### Try it
Omit the pictures and print exactly the lines of the listing below, starting at the first and ending at the line containing "This is essentially".

(Supplied records Opens)

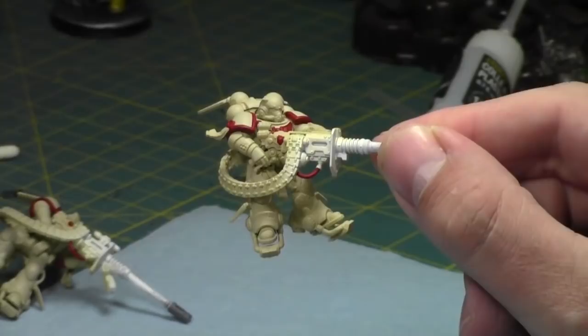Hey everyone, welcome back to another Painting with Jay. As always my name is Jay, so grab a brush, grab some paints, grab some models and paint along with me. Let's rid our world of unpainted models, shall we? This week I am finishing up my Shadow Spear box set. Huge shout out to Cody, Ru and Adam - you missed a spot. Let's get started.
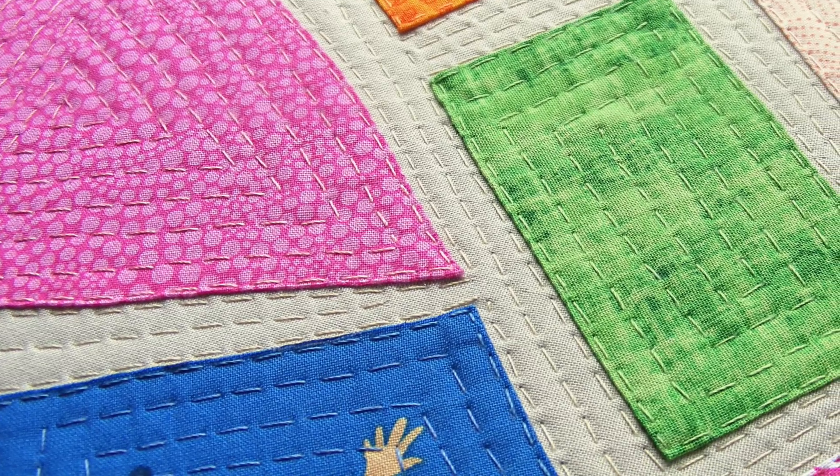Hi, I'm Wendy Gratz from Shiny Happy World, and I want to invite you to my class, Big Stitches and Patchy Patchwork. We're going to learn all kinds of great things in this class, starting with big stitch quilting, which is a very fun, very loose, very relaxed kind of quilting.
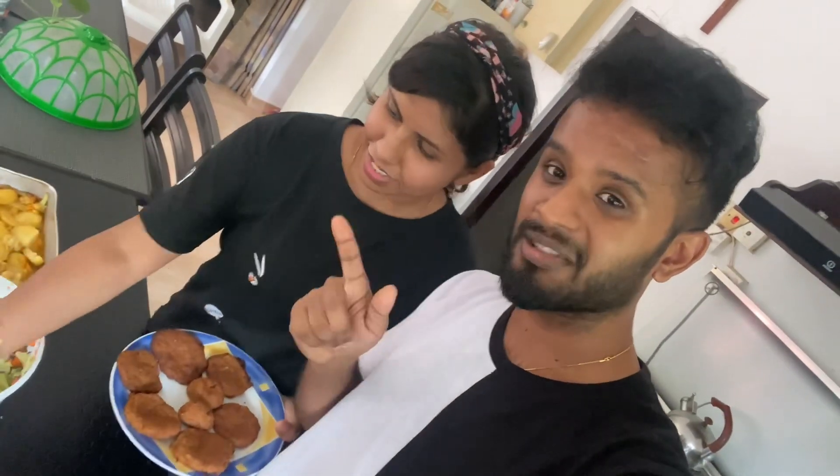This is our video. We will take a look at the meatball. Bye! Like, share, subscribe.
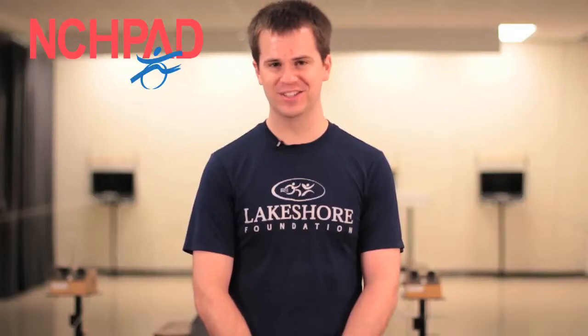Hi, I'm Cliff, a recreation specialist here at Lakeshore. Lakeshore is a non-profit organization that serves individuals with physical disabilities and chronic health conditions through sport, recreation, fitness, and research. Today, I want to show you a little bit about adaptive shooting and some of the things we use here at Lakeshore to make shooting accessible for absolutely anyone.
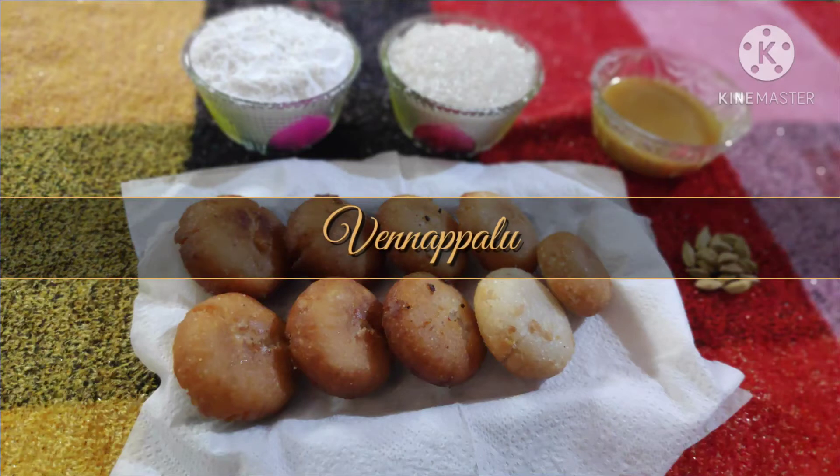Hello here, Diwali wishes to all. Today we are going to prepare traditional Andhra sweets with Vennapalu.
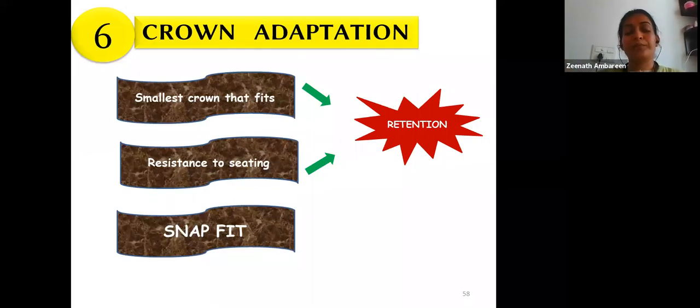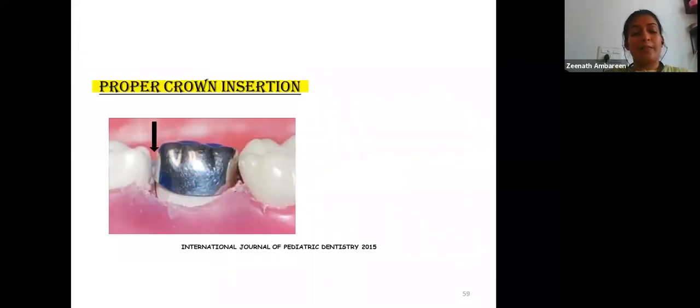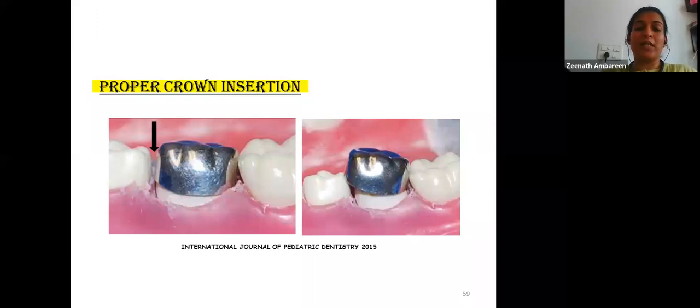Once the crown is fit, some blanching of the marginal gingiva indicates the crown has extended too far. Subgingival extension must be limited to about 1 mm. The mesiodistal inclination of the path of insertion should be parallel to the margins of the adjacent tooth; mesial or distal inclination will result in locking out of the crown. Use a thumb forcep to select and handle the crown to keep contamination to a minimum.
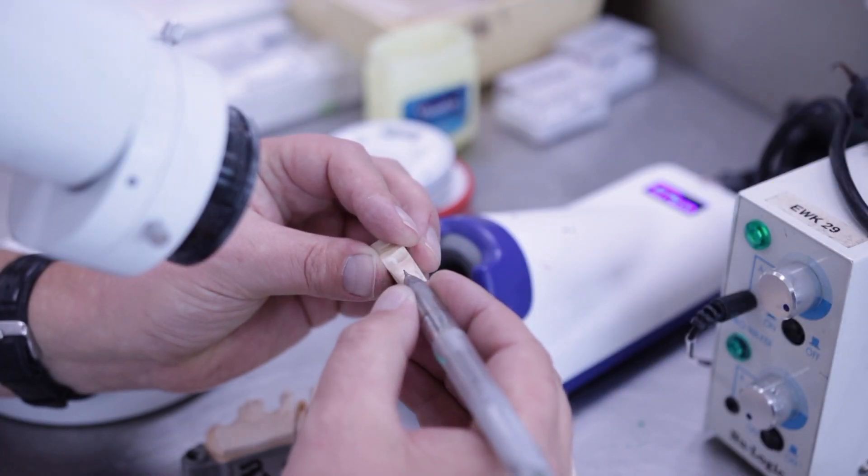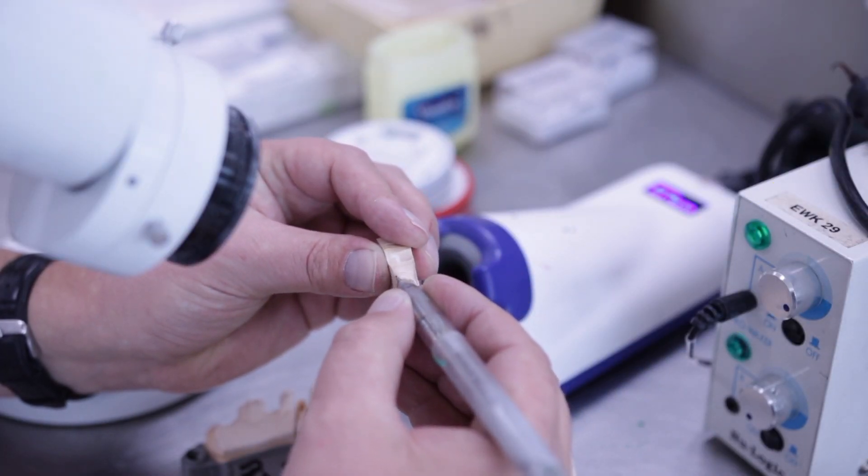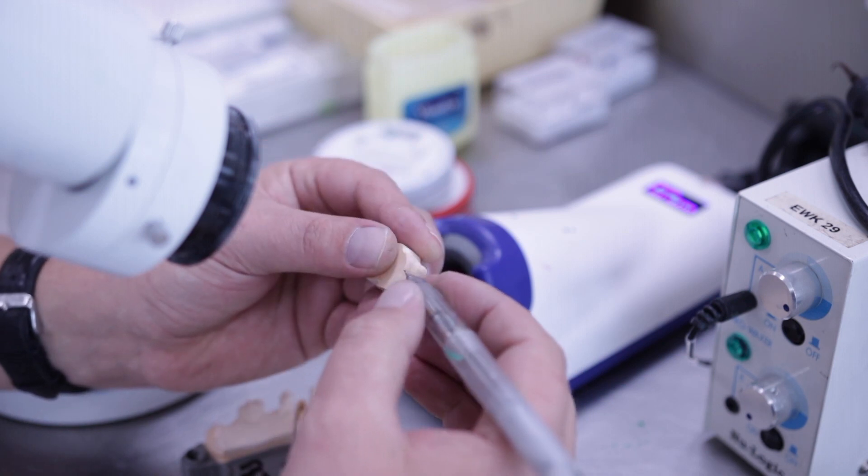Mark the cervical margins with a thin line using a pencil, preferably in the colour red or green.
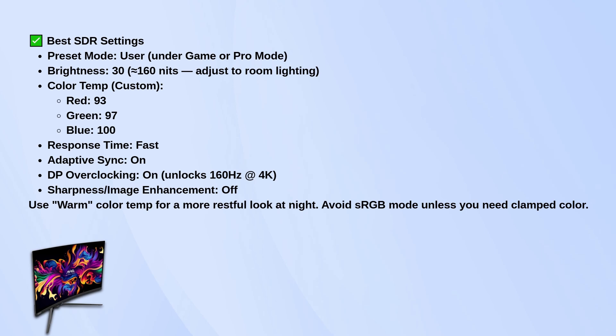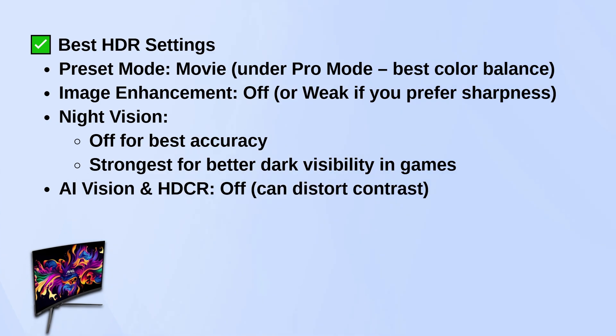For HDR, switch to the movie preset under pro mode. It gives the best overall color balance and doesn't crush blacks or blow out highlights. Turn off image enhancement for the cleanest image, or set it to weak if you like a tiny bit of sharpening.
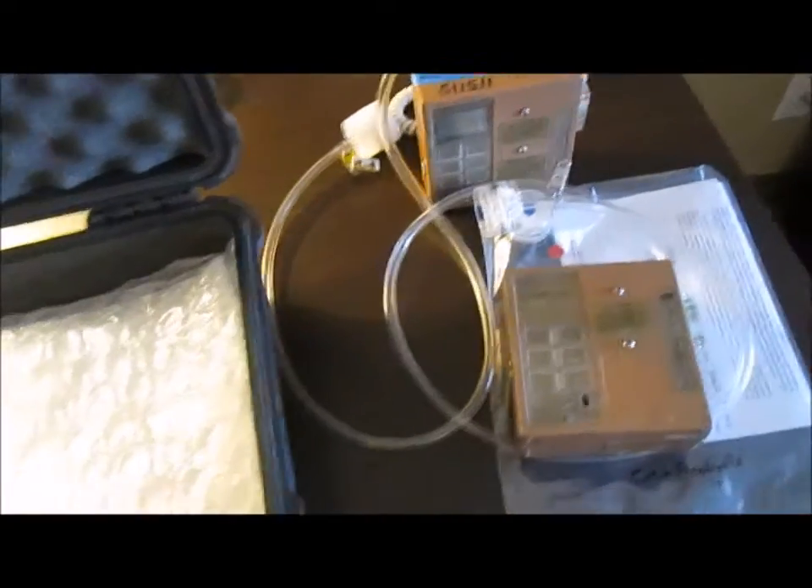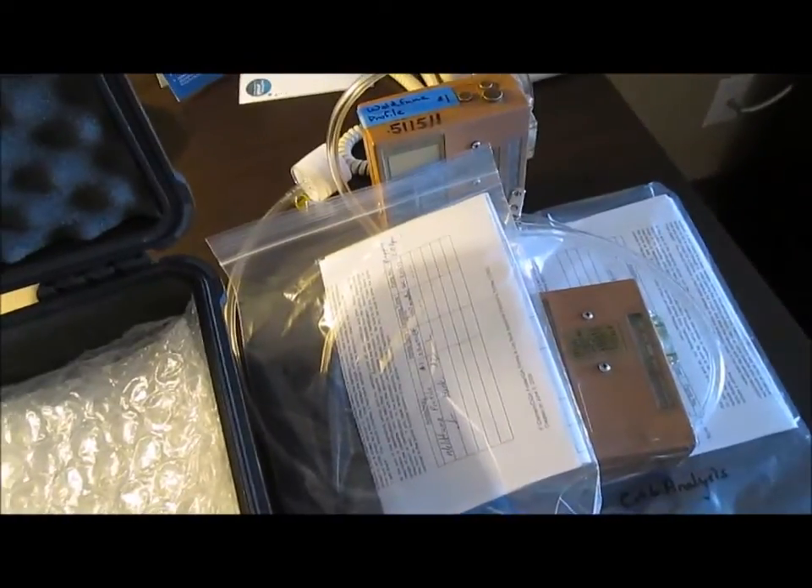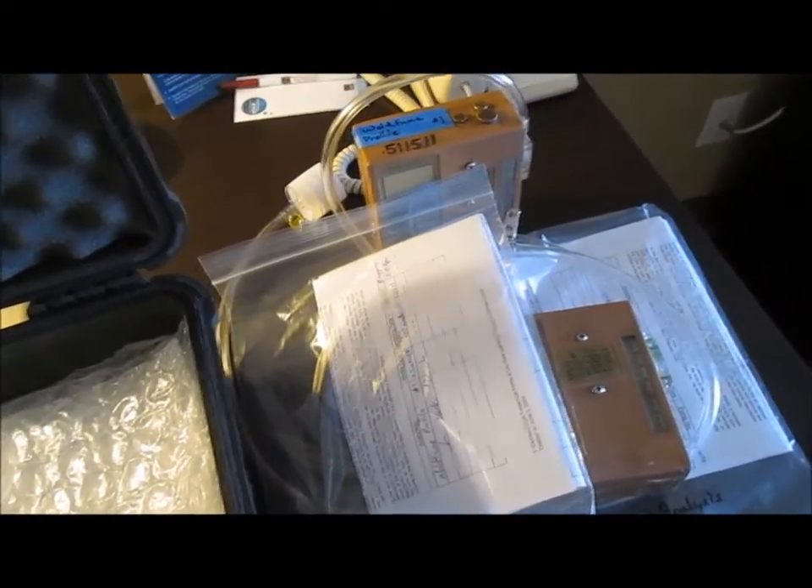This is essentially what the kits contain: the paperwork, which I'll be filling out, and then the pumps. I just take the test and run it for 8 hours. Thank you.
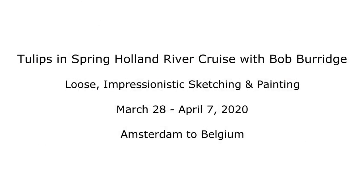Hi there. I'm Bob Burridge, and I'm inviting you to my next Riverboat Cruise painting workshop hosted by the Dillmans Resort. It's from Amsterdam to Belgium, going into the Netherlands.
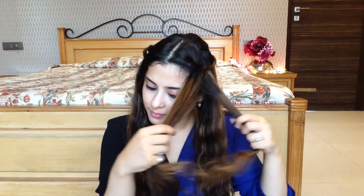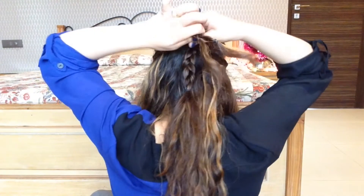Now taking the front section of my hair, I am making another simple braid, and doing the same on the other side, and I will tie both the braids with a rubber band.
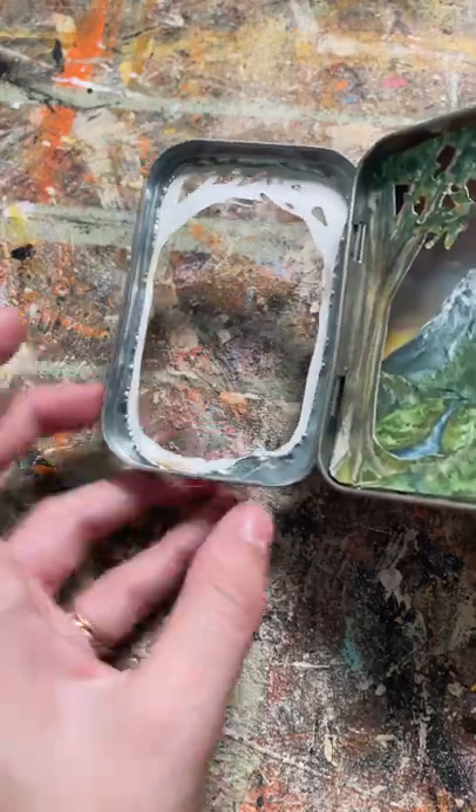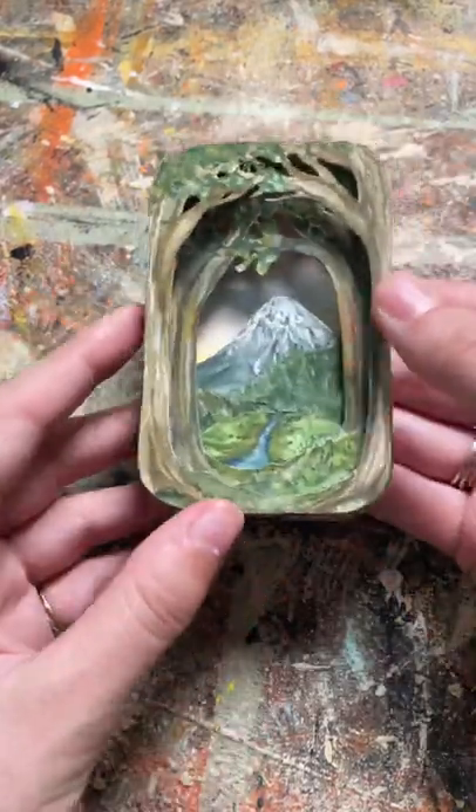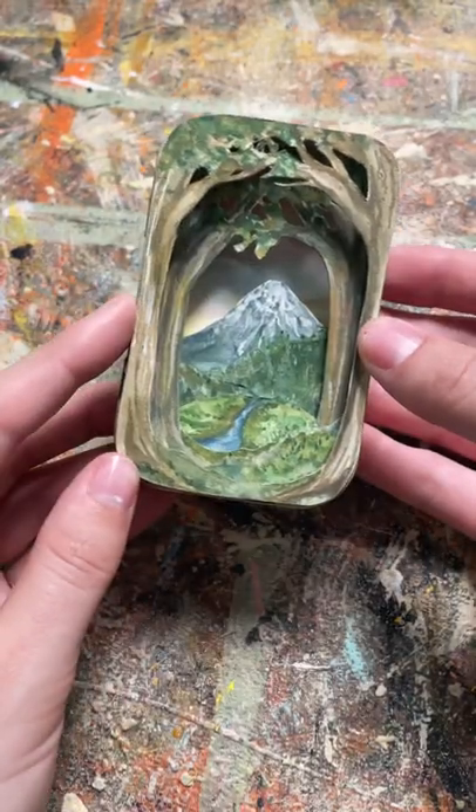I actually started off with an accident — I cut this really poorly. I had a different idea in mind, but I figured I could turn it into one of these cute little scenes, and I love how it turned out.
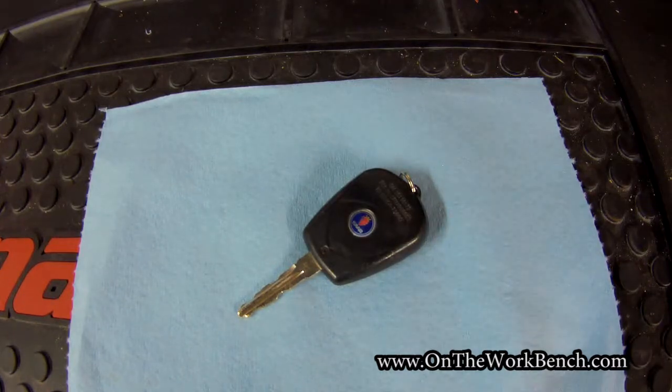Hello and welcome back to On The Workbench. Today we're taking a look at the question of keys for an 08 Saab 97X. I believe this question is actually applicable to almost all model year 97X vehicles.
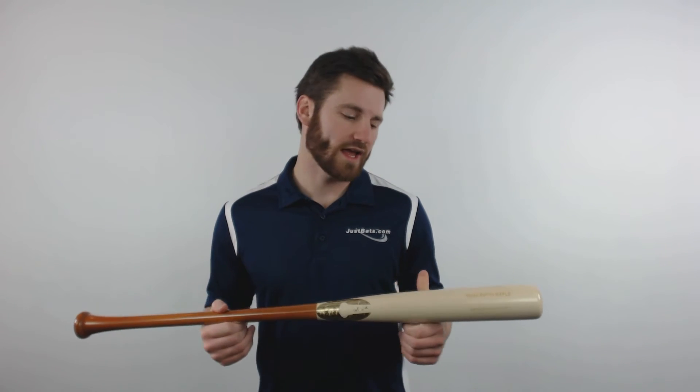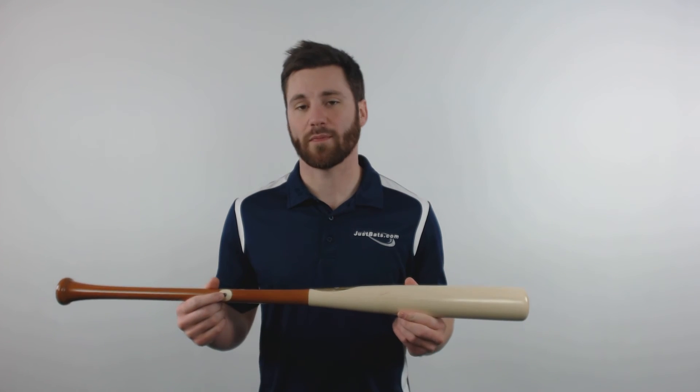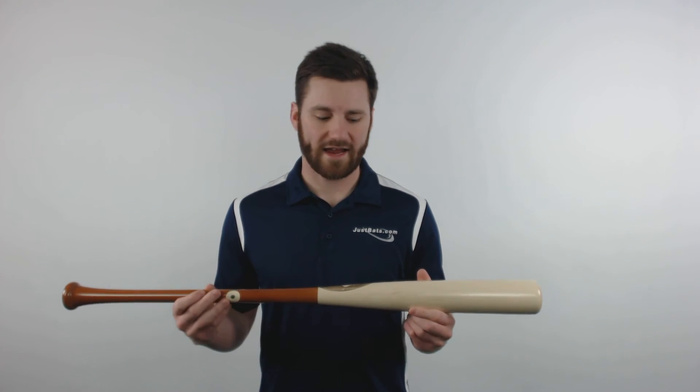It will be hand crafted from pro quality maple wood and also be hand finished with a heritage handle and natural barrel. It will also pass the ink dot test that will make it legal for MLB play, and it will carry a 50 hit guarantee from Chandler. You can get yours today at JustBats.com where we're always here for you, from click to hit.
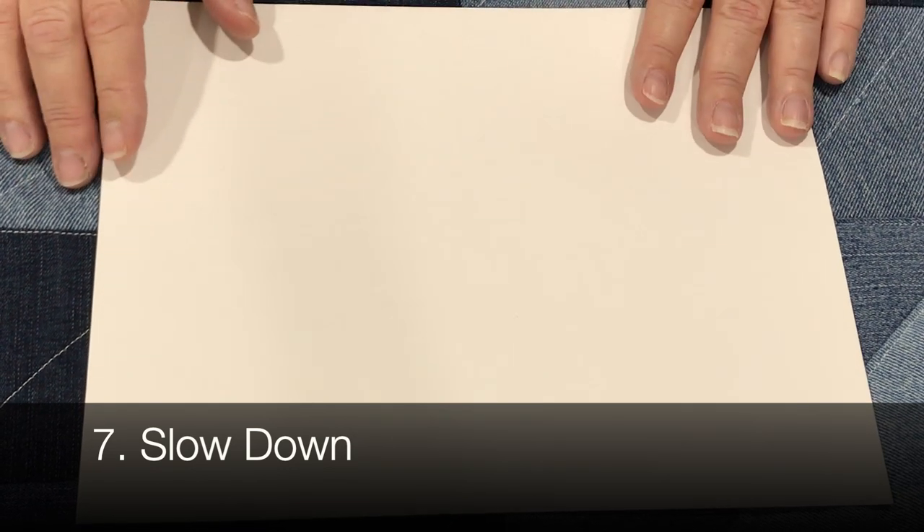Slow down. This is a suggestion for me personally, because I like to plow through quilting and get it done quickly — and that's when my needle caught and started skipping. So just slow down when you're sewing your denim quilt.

(Supplied records Closes)

### Task solution
Hey everyone, welcome back to another Painting with Jay. As always my name is Jay, so grab a brush, grab some paints, grab some models and paint along with me. Let's rid our world of unpainted models, shall we? This week I am finishing up my Shadow Spear box set. Huge shout out to Cody, Ru and Adam - you missed a spot. Let's get started.
Hi, I'm Wendy Gratz from Shiny Happy World, and I want to invite you to my class, Big Stitches and Patchy Patchwork. We're going to learn all kinds of great things in this class, starting with big stitch quilting, which is a very fun, very loose, very relaxed kind of quilting.
This is our video. We will take a look at the meatball. Bye! Like, share, subscribe.
Hi, I'm Cliff, a recreation specialist here at Lakeshore. Lakeshore is a non-profit organization that serves individuals with physical disabilities and chronic health conditions through sport, recreation, fitness, and research. Today, I want to show you a little bit about adaptive shooting and some of the things we use here at Lakeshore to make shooting accessible for absolutely anyone.
Hello here, Diwali wishes to all. Today we are going to prepare traditional Andhra sweets with Vennapalu.
Once the crown is fit, some blanching of the marginal gingiva indicates the crown has extended too far. Subgingival extension must be limited to about 1 mm. The mesiodistal inclination of the path of insertion should be parallel to the margins of the adjacent tooth; mesial or distal inclination will result in locking out of the crown. Use a thumb forcep to select and handle the crown to keep contamination to a minimum.
Mark the cervical margins with a thin line using a pencil, preferably in the colour red or green.
For HDR, switch to the movie preset under pro mode. It gives the best overall color balance and doesn't crush blacks or blow out highlights. Turn off image enhancement for the cleanest image, or set it to weak if you like a tiny bit of sharpening.
This is essentially what the kits contain: the paperwork, which I'll be filling out, and then the pumps. I just take the test and run it for 8 hours. Thank you.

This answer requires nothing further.